The problems of poor-quality environmental monitoring at a global level have been repeated at continental, national, and smaller scales in many parts of the world. In Australia, although monitoring is widely discussed, a lack of both long-term monitoring programs, poor execution of monitoring programs, and consequently, a paucity of consistently collected data from monitoring have undermined the effectiveness of government-led initiatives like State of the Environment Reporting (Lindenmayer et al., 2015), as well as billion dollar environmental restoration programs such as the Natural Heritage Trust (ANAO, 2008) and the Salinity Action Program (Pannell & Roberts, 2010). In the case of biodiversity conservation in Australia, comparatively low levels of conservation funding (Waldron et al., 2017) that is well below that needed to prevent extinctions (Wintle et al., 2019) is a major contributor to the lack of monitoring programs for threatened species. Indeed, the vast majority of Australia’s threatened vertebrates are not monitored well enough for managers to detect and respond to declines in their distribution and abundance (Scheele et al., 2019). A similar set of deficiencies besets Australia’s threatened plants (Lavery et al., 2021). The very limited number of monitoring programs for threatened species in Queensland is another prime example. The Queensland Audit Office (Queensland Audit Office, 2018) noted that robust monitoring data were available for only a few threatened species in Queensland and, with very few exceptions, the State Government “….does not know how threatened species are faring and whether management actions are having the desired impact” (p. 8). Queensland is not an isolated State in this context, as indicated by the recent, damming report on Victoria’s biodiversity strategy by the Victoria Auditor-General’s Office (Victoria Auditor-General’s Office, 2021) which stated that (the Victorian Government)… “cannot demonstrate if, or how well, it is halting further decline in Victoria’s threatened species populations” (p.1). In 2017, Australia lost its Long-term Ecological Research Network (Lindenmayer, 2017) in which key environmental management datasets were maintained to provide important insights into the condition of a wide range of ecosystems and threatened species across the continent (Lindenmayer et al., 2014).
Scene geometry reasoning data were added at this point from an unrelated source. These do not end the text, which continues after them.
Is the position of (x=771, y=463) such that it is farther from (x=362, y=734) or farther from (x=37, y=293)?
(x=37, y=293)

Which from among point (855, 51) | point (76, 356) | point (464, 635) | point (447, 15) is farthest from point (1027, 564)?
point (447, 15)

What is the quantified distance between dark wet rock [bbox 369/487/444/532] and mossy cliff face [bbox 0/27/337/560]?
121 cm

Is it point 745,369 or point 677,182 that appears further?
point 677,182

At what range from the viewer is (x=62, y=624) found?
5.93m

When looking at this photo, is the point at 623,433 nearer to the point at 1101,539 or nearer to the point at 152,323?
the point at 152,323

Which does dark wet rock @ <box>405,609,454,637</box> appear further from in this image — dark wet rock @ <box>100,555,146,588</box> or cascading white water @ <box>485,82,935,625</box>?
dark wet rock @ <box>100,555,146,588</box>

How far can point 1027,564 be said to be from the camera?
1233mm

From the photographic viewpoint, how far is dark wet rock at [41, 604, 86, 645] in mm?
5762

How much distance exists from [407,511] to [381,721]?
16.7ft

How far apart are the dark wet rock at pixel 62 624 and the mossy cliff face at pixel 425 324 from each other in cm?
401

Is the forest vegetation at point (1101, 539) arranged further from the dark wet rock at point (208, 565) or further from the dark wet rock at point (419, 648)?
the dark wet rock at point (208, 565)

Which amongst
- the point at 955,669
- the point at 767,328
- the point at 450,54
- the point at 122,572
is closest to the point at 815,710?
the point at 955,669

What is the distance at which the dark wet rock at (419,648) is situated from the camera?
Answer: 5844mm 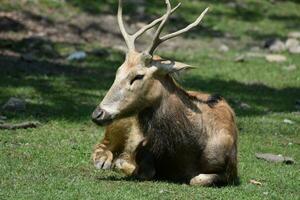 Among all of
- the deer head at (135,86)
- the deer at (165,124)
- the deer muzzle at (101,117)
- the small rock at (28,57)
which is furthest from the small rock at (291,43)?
the deer muzzle at (101,117)

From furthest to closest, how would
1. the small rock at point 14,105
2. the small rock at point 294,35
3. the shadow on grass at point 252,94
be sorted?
the small rock at point 294,35 < the shadow on grass at point 252,94 < the small rock at point 14,105

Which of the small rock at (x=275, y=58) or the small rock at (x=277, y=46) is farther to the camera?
the small rock at (x=277, y=46)

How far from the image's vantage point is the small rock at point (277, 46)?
20.5m

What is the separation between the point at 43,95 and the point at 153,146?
5.94 meters

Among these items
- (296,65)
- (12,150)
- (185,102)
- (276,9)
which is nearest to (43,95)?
(12,150)

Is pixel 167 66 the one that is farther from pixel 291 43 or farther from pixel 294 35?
pixel 294 35

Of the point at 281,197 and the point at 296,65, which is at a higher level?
the point at 281,197

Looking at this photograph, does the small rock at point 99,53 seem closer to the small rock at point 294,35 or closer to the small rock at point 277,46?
the small rock at point 277,46

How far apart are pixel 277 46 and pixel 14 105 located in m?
9.92

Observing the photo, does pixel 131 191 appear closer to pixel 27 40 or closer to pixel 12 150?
pixel 12 150

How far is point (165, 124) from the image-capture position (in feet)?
26.5

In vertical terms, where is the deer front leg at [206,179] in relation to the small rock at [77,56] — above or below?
above

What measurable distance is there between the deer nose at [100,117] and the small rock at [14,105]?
15.3ft

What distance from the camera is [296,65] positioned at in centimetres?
1881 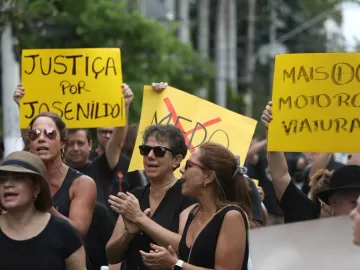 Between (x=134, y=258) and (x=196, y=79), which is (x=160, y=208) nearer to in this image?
(x=134, y=258)

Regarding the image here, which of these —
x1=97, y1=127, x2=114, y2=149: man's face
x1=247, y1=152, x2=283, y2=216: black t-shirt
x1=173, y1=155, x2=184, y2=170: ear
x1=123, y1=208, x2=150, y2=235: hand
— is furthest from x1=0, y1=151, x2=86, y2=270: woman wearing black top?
x1=247, y1=152, x2=283, y2=216: black t-shirt

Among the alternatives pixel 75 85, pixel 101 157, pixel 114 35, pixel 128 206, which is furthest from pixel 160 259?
pixel 114 35

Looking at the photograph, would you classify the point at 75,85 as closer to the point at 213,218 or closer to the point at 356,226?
the point at 213,218

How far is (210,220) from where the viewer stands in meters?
5.89

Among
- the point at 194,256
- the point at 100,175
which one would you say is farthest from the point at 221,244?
the point at 100,175

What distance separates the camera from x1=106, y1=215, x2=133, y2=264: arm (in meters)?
6.73

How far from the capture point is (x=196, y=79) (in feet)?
102

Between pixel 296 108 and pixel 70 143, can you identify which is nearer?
pixel 296 108

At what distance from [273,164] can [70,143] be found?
211 centimetres

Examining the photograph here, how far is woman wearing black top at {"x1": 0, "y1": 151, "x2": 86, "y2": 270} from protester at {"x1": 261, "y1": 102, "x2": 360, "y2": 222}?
1.91 meters

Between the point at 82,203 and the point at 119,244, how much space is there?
0.99ft

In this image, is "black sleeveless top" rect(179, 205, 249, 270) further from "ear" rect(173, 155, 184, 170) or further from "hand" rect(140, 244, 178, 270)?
"ear" rect(173, 155, 184, 170)

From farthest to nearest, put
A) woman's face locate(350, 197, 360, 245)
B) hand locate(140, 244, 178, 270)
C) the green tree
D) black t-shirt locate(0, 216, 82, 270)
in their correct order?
the green tree → hand locate(140, 244, 178, 270) → black t-shirt locate(0, 216, 82, 270) → woman's face locate(350, 197, 360, 245)

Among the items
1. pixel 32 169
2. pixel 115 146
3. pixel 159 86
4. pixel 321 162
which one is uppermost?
pixel 32 169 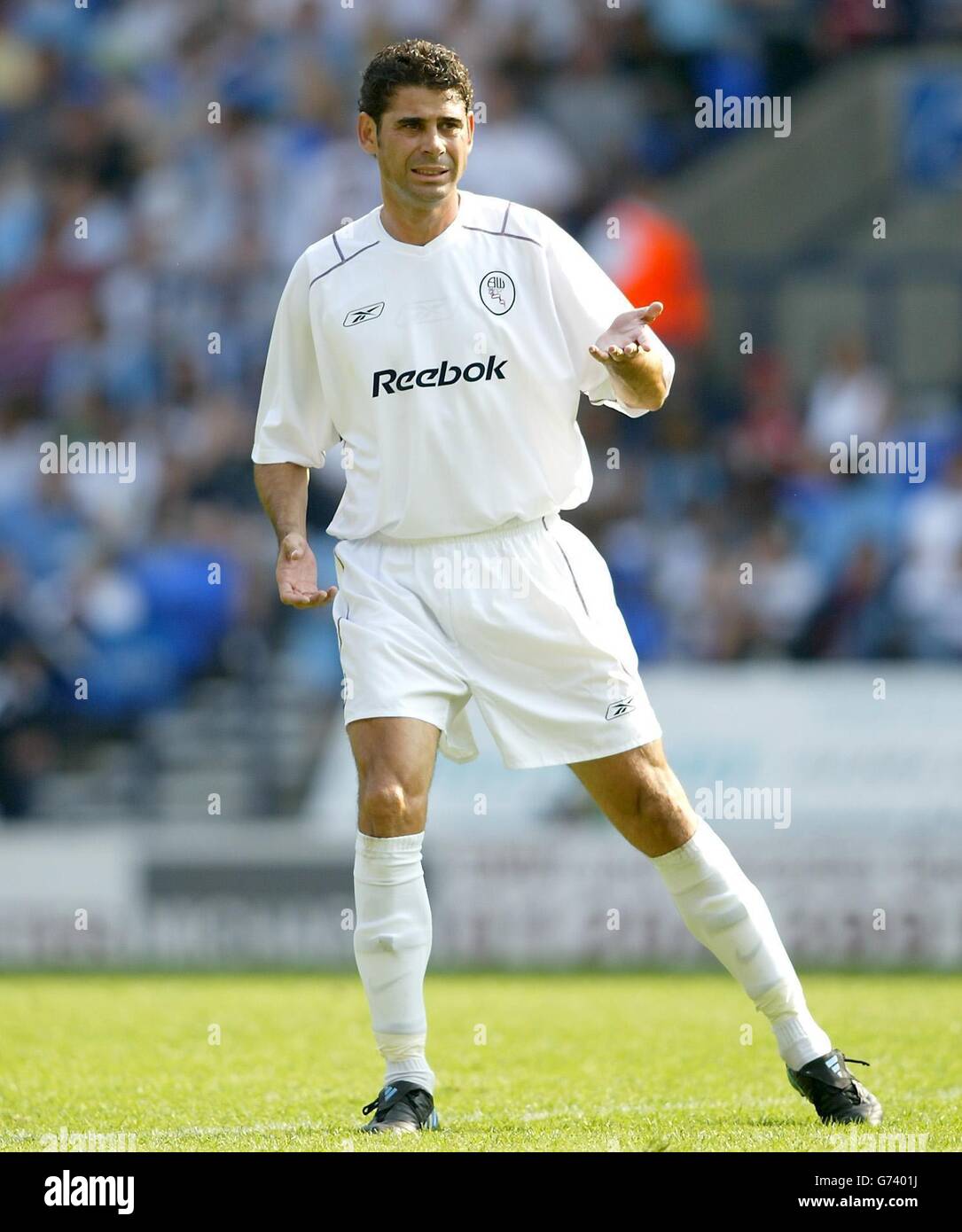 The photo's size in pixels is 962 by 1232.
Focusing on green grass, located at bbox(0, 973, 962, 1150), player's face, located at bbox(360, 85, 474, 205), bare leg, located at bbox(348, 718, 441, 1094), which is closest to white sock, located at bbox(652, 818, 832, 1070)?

Given the importance of monitoring for effective environmental management, periodically there are new government-led initiatives in Australia that seek to append major new monitoring programs to government investment in environmental management. Collectively, the authors of this article have witnessed several cycles of such initiatives over the past 40 + years, but these often fail to build on past lessons about what constitutes good monitoring and what should be avoided. Previously, we collectively have written about some of the features that should characterise successful monitoring programs, but poorly designed and implemented government-led programs continue to be implemented (e.g. Haywood et al., 2017), suggesting that past recommendations have failed to resonate with some policy makers and funding agencies. Here, in an attempt to improve monitoring practice in government-led monitoring initiatives (both in Australia and overseas), we outline how biodiversity monitoring programs can be best conceived, designed and implemented to maximize their chances of success. We do this by presenting eight things “never” to do in a biodiversity monitoring program. Our contribution is not intended to be an exhaustive treatment of the full array of factors that need to be considered as part of establishing and/or maintaining monitoring programs (entire books have been written on that topic; e.g. Gardner, 2010; Legge et al., 2018; Thompson et al., 1998). Rather, we provide a short précis of key recurring problems that have emerged in government-initiated monitoring programs. Our focus is on programmatic failures in government-level environmental monitoring programs in an Australian context, although we suggest that some of the general themes that characterise this article also will be relevant to other jurisdictions.

Eight “nevers”

#1. Never commence new environmental management programs without also committing to a monitoring program

A common failing of government-initiated conservation and environmental management programs is to consider monitoring design and data collection only after management is well underway. Part of the problem may lie with policy makers responding to political demands to quickly roll out large funding programs. Such haste can mean there is insufficient time taken to ensure that essential parts of those programs such as monitoring are well conceived and designed at the outset. There is also insufficient time taken for baseline data to be collected before management begins (if it does not already exist) so that the impact of the program can be determined. Australia’s multi-billion dollar Natural Heritage Trust program that, in part, aimed to promote widespread replanting efforts is but one of many examples (ANAO, 1997; Hajkowicz, 2009). Some limited monitoring started only several years after the program had commenced (Cunningham et al., 2007). Conversely, the Australian Government’s Environmental Stewardship Program, in which farmers were paid to implement management actions that had a positive effect on biodiversity on their land (such as livestock grazing control) (Burns et al., 2016), included a detailed monitoring program from its inception (Lindenmayer et al., 2012). This later monitoring program that was tied to management actions at the outset has produced some important insights into changes in vegetation condition and biodiversity response associated with management interventions (Kay et al., 2017; Sato et al., 2019). In particular, the design of the monitoring program with matched treatment and control sites was able to contrast the ongoing effects of business as usual livestock grazing on biodiversity with biodiversity in those in areas on the same farm where there was seasonally controlled grazing under stewardship protocols and which has led to evidence-based improvements in stewardship management of temperate woodlands (Lindenmayer et al., 2012, 2018a, b, c). Importantly, the use of monitoring was able to highlight differences in plant and bird responses under alternative grazing regimes during wetter periods and droughts.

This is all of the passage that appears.